::: DATA RECORDS

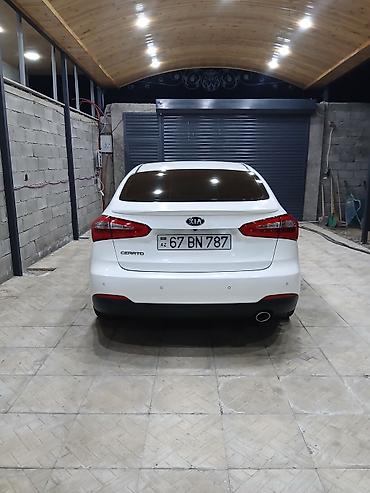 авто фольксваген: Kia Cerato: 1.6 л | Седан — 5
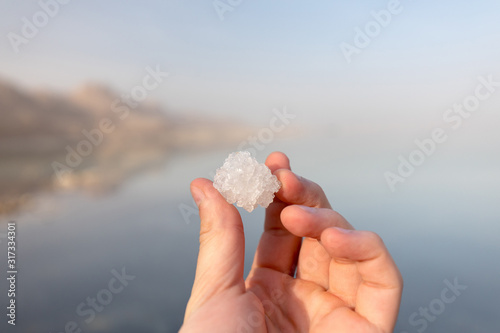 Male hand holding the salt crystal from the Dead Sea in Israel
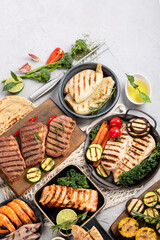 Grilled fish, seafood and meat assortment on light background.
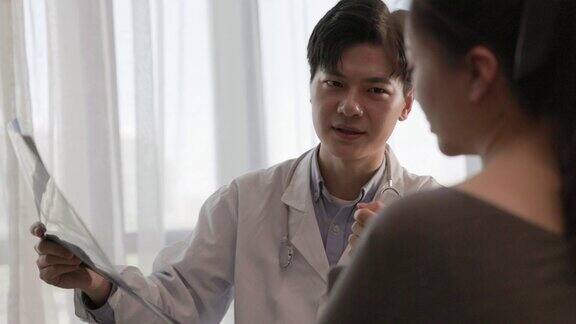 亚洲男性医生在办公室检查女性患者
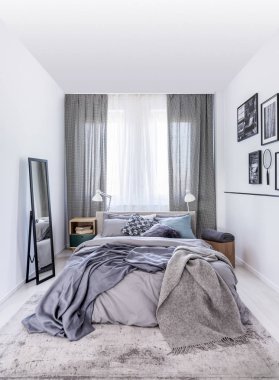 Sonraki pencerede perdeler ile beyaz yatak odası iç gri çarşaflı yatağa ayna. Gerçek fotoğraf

::::::

### TASK STATEMENT
Reproduce the lines above letter for letter. The pictures stay behind.

### ANSWER FOR THE TASK
 авто фольксваген: Kia Cerato: 1.6 л | Седан — 5
 Male hand holding the salt crystal from the Dead Sea in Israel
 Grilled fish, seafood and meat assortment on light background.
 亚洲男性医生在办公室检查女性患者
 Sonraki pencerede perdeler ile beyaz yatak odası iç gri çarşaflı yatağa ayna. Gerçek fotoğraf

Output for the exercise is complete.